Only the lines from the one containing "Kathfly 3 Pcs" through the end of the listing belong in the answer, repeated exactly, with no pictures.

:: Working data

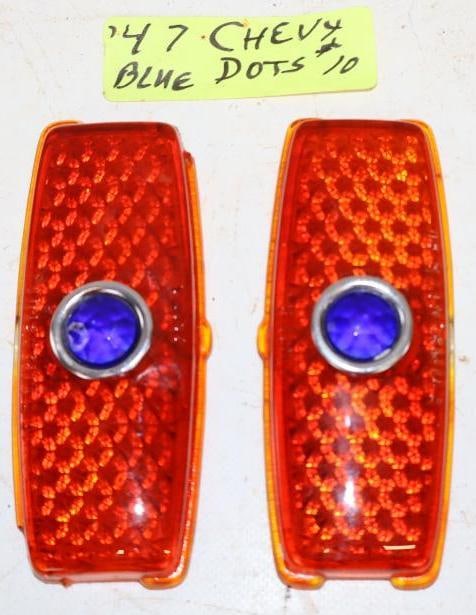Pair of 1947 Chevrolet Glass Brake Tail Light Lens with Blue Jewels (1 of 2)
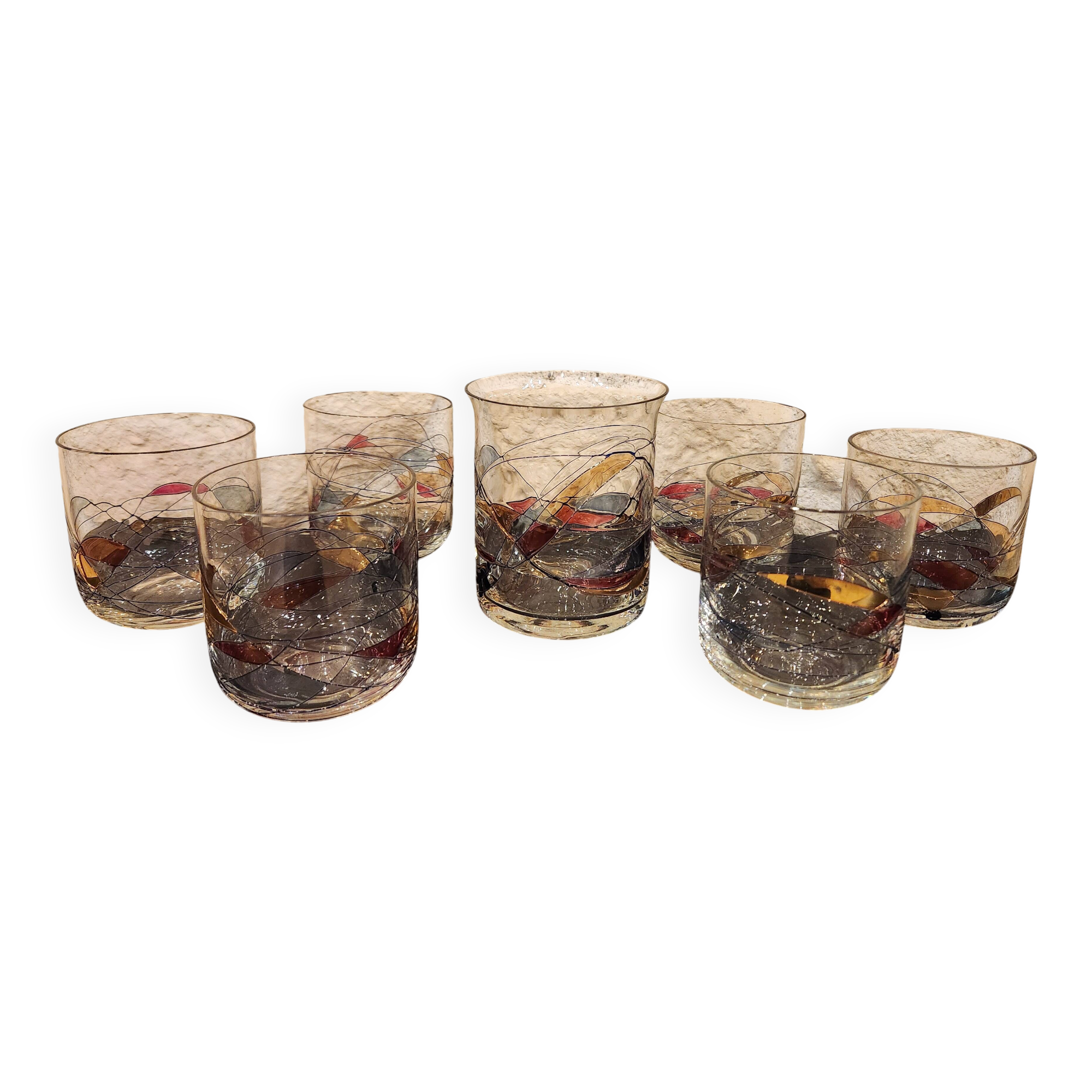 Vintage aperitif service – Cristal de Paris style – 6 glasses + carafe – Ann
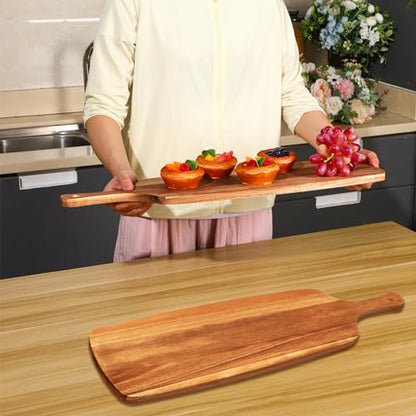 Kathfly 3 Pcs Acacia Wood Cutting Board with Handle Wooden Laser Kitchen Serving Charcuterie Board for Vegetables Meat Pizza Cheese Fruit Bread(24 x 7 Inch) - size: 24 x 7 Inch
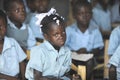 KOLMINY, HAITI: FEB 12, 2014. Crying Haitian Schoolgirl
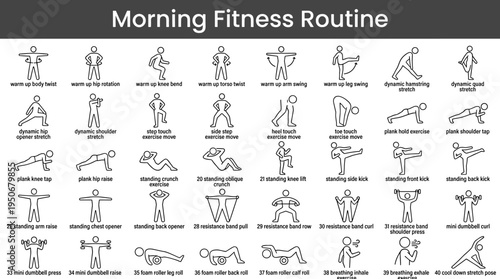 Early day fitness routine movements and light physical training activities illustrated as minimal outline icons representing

::::

Exercise result:
 Kathfly 3 Pcs Acacia Wood Cutting Board with Handle Wooden Laser Kitchen Serving Charcuterie Board for Vegetables Meat Pizza Cheese Fruit Bread(24 x 7 Inch) - size: 24 x 7 Inch
 KOLMINY, HAITI: FEB 12, 2014. Crying Haitian Schoolgirl
 Early day fitness routine movements and light physical training activities illustrated as minimal outline icons representing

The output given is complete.